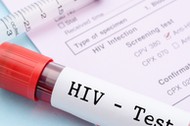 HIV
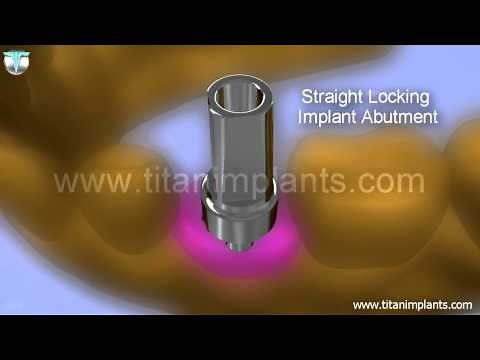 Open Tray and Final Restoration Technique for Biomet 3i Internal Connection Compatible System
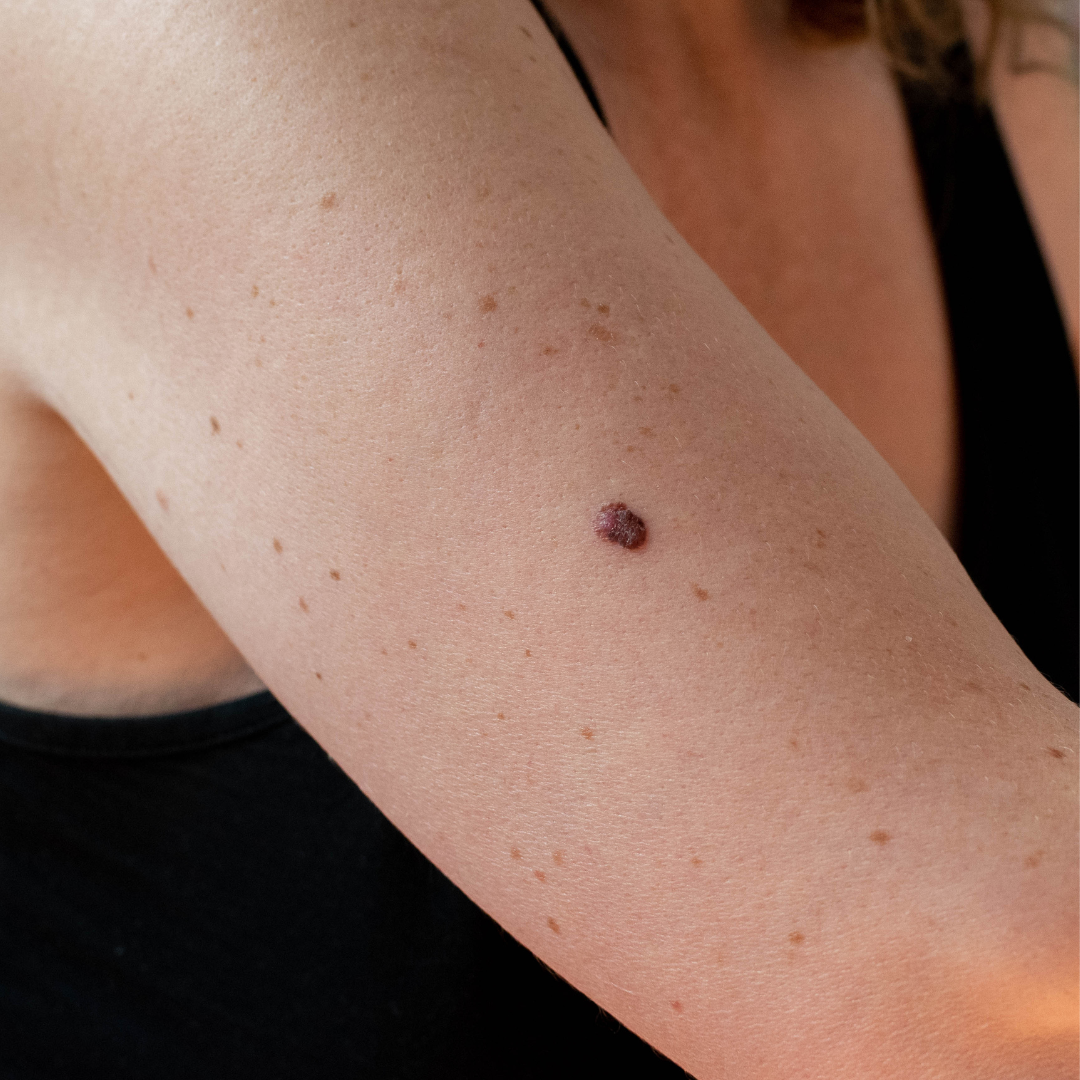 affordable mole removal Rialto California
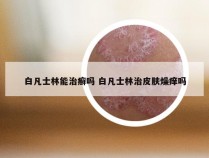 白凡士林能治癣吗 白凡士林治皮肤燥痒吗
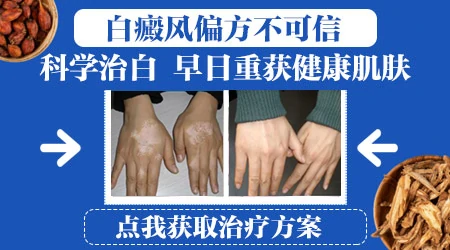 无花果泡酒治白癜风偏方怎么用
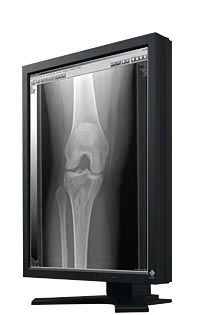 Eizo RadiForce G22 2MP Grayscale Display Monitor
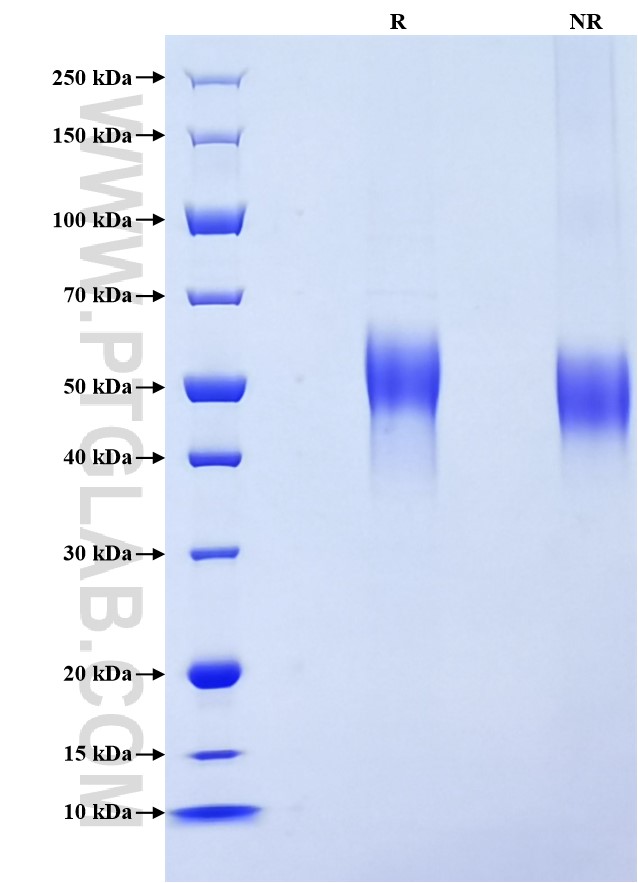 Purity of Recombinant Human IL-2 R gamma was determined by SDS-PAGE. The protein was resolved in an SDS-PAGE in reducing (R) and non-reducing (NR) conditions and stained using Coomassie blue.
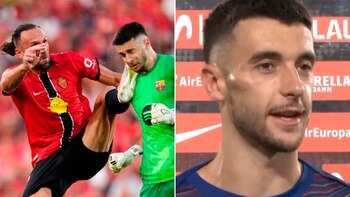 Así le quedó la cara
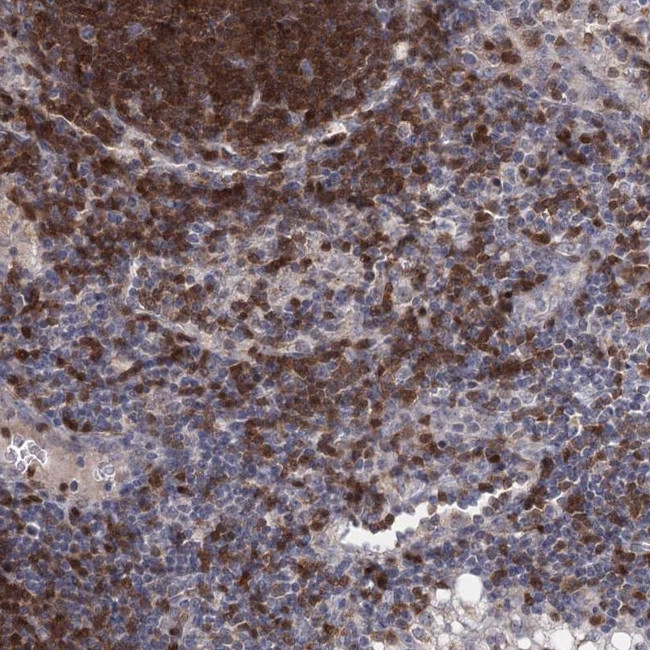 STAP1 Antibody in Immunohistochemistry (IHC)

Task statement: Leaving out the pictures, return the records exactly as given.

Answer for the task:
 HIV
 Open Tray and Final Restoration Technique for Biomet 3i Internal Connection Compatible System
 affordable mole removal Rialto California
 白凡士林能治癣吗 白凡士林治皮肤燥痒吗
 无花果泡酒治白癜风偏方怎么用
 Eizo RadiForce G22 2MP Grayscale Display Monitor
 Purity of Recombinant Human IL-2 R gamma was determined by SDS-PAGE. The protein was resolved in an SDS-PAGE in reducing (R) and non-reducing (NR) conditions and stained using Coomassie blue.
 Así le quedó la cara
 STAP1 Antibody in Immunohistochemistry (IHC)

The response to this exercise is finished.